What you are asked to do: The copy you give must match the lines from the top of the data through the line containing "Jaguar I-Pace Dashboard" exactly, and it must hold no pictures.
START Material for this exercise
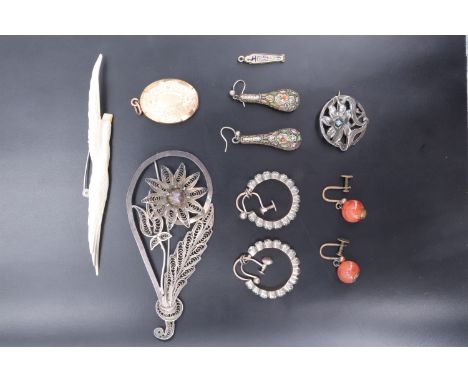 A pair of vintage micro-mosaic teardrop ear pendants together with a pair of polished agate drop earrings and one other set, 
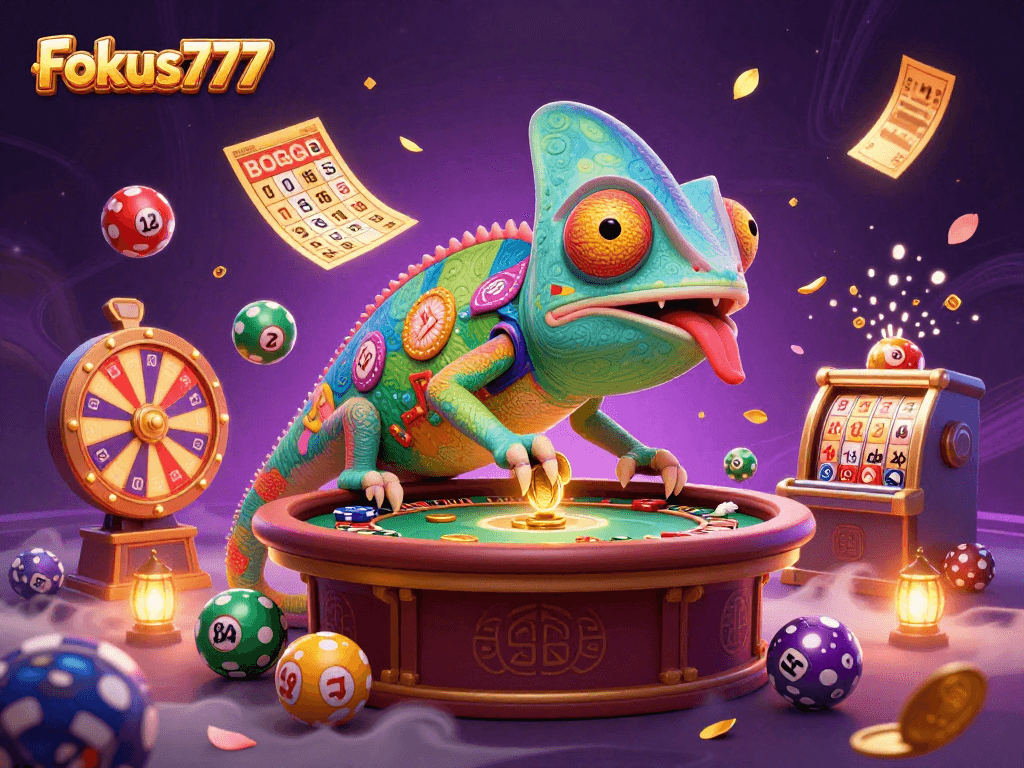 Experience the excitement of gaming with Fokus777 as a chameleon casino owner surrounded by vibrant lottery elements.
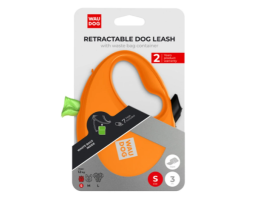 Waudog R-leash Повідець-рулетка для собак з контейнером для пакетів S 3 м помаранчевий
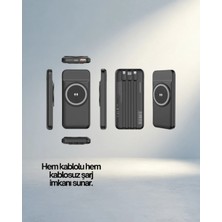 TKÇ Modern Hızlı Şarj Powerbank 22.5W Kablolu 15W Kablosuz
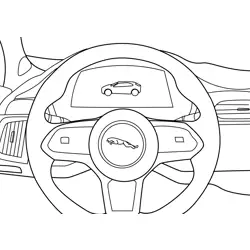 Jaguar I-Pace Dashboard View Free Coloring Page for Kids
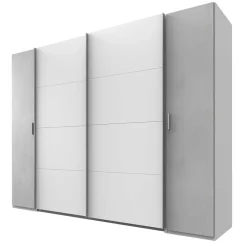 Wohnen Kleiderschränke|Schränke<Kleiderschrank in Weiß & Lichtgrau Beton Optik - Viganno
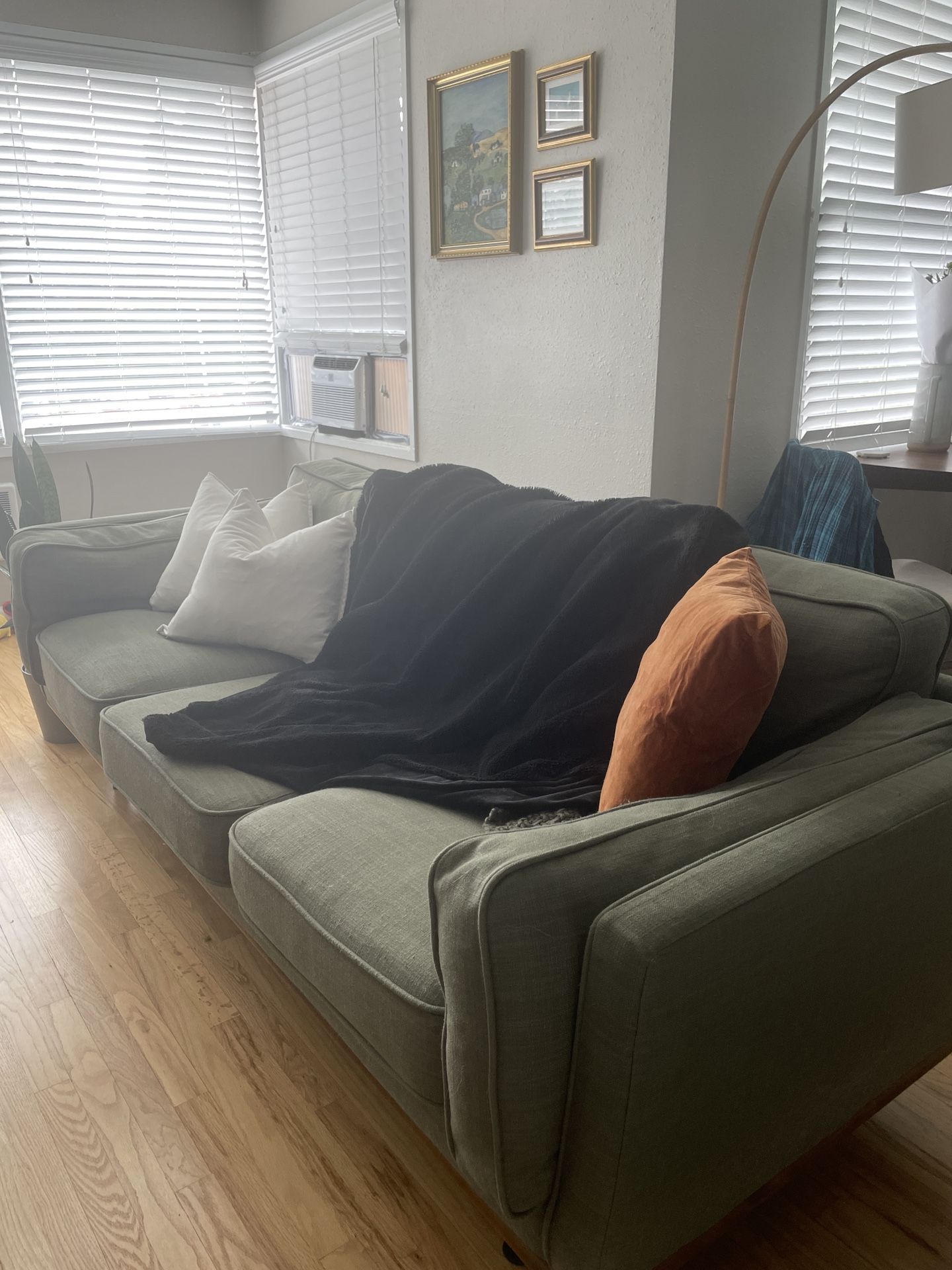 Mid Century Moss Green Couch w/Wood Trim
END Material for this exercise
Task result:
 A pair of vintage micro-mosaic teardrop ear pendants together with a pair of polished agate drop earrings and one other set, 
 Experience the excitement of gaming with Fokus777 as a chameleon casino owner surrounded by vibrant lottery elements.
 Waudog R-leash Повідець-рулетка для собак з контейнером для пакетів S 3 м помаранчевий
 TKÇ Modern Hızlı Şarj Powerbank 22.5W Kablolu 15W Kablosuz
 Jaguar I-Pace Dashboard View Free Coloring Page for Kids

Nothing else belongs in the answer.